Ce raisonnement — car il s’agit évidemment d’un tel — est-il pleinement convaincant ? On nous dit que nous devons penser simultanément à ce qui relève de l’un et de l’autre ordre de choses, et que ce n’est qu’ainsi que nous nous formerons de ce qui se passe là une idée juste, les deux aspects étant complémentaires. Mais la pensée est-elle vraiment à même de réaliser la simultanéité que l’on prétend lui imposer ? M. Jordan fait valoir que ce n’est pas, somme toute, exiger d’elle un effort plus considérable que celui qui consiste à considérer le rayonnement comme étant à la fois projection de corpuscules et propagation d’ondes, et il y a certainement beaucoup de juste dans cette manière de voir. Mais précisément, est-il possible, dans ce cas encore, de fondre véritablement les deux images ? N’est-il pas clair, tout au contraire, que tout ce à quoi le physicien des quanta le plus résolu peut parvenir, c’est à passer rapidement, mais successivement, alternativement, de l’une à l’autre de ces images par essence inconciliables (C. P., § 38 et suiv.) ?

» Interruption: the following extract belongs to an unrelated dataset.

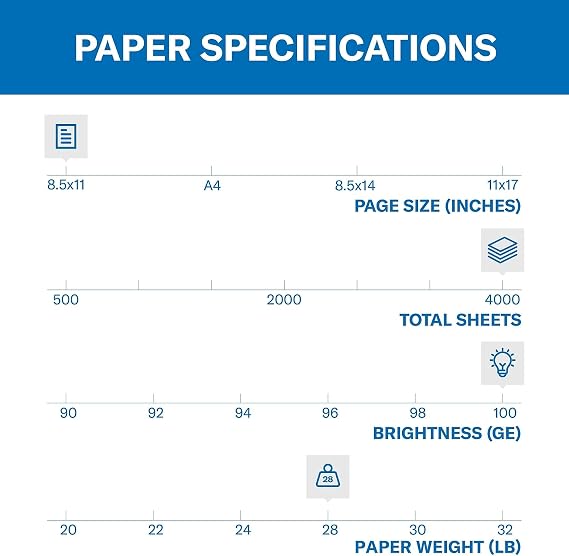 Hammermill Premium 8.5 x 11 Color Copy Paper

Eh bien, il en sera de même, on peut, semble-t-il, l’affirmer avec une certaine assurance, de l’aspect physique ou physiologique d’une part et de l’aspect psychologique d’autre part : jamais on ne réussira à les confondre. Supposons réalisé — évidemment dans des conditions tout autres que celles imaginées par le philosophe — le rêve qui a inspiré à Leibniz l’image bien connue du moulin : nous aurons vu au cerveau une particule se détacher et se mouvoir dans telle ou telle direction[1]. Ce que nous aurions perçu là du dehors serait un acte de libre arbitre, et ce serait conforme à ce que nous voyons s’accomplir dans le quantique non-organisé. Cela est-il tout à fait exact ? Ce que nous montre la physique quantique, ce sont des phénomènes que nous sommes forcés d’attribuer au pur hasard, alors que la particule cérébrale obéirait à une

  1. Il convient d’ajouter que ni M. Bohr, ni M. Jordan ne croient que l’on parvienne jamais à réaliser une observation de ce genre, pour cette simple raison, qu’il est fort probable qu’en essayant d’observer, on dérangerait le phénomène même, on le modifierait : ce serait un concours de circonstances analogue à celui qui nous empêche de déterminer à la fois la localisation et la vitesse du corpuscule.